● **TASK PROMPT**
Could the data below be printed out exactly, with the pictures left out?

● **SOURCE MATERIAL**
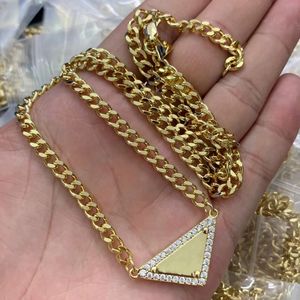 Womens Mens choker ketting driehoek vorm vrouwen sieraden Luxe Designer gouden Ketting Mode Zwart Wit Hanger Design Party Zilver Hip Hop Punk accessoires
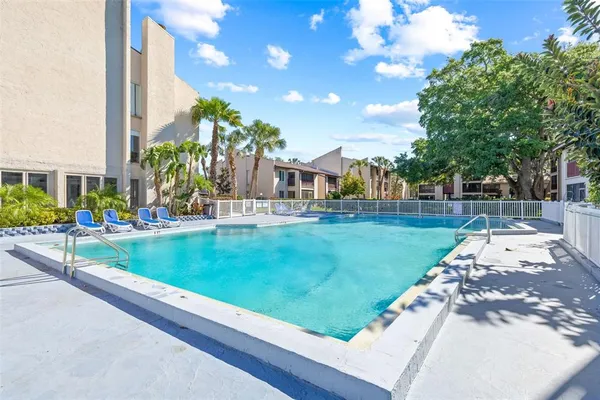 $1,850 | 8601 Huron Court, Unit 44, Tampa, FL 33614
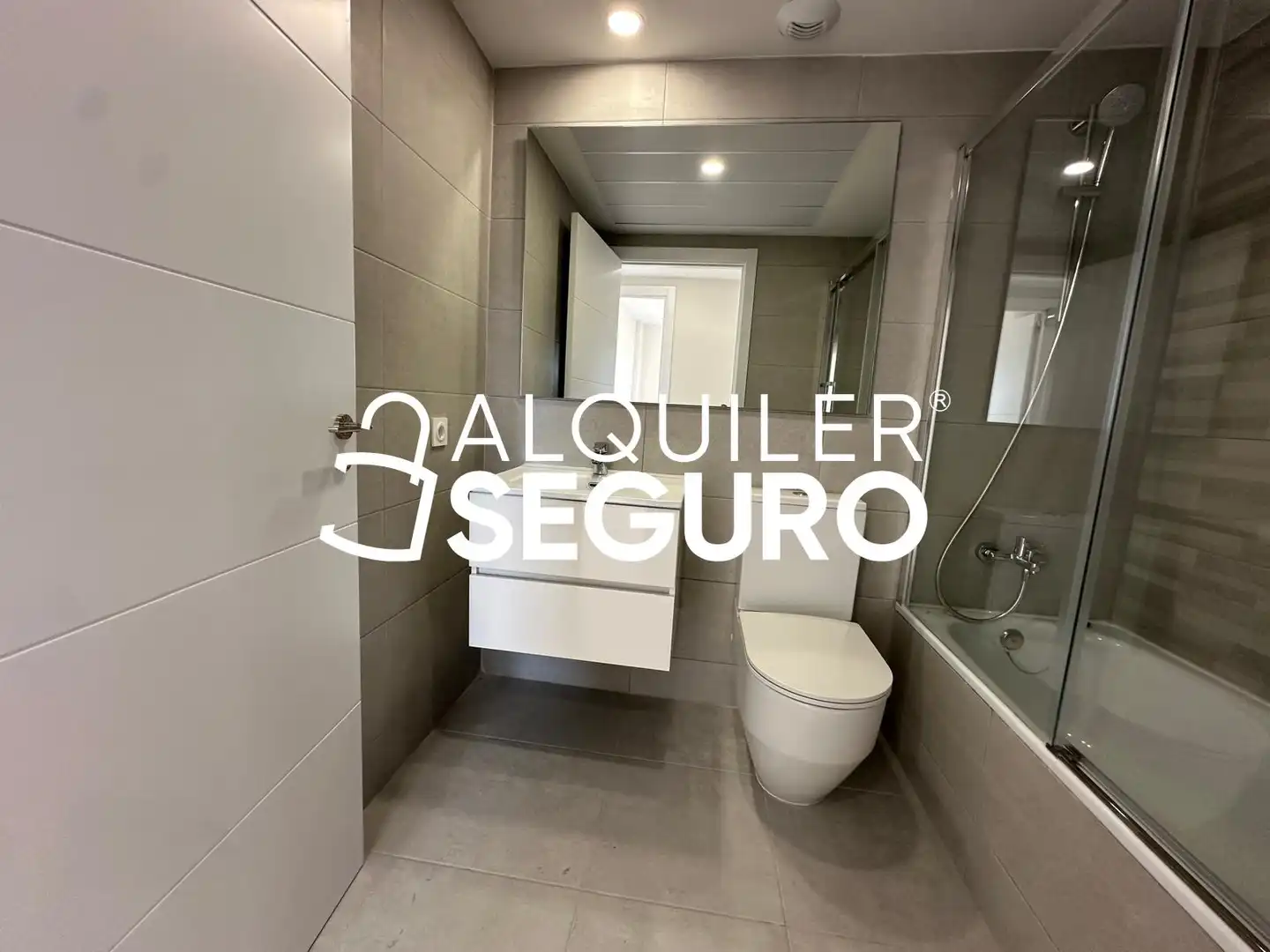 Baño de Piso de alquiler en Valencia con Aire acondicionado, Terraza y Trastero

● **ANSWER TO THE EXERCISE**
 Womens Mens choker ketting driehoek vorm vrouwen sieraden Luxe Designer gouden Ketting Mode Zwart Wit Hanger Design Party Zilver Hip Hop Punk accessoires
 $1,850 | 8601 Huron Court, Unit 44, Tampa, FL 33614
 Baño de Piso de alquiler en Valencia con Aire acondicionado, Terraza y Trastero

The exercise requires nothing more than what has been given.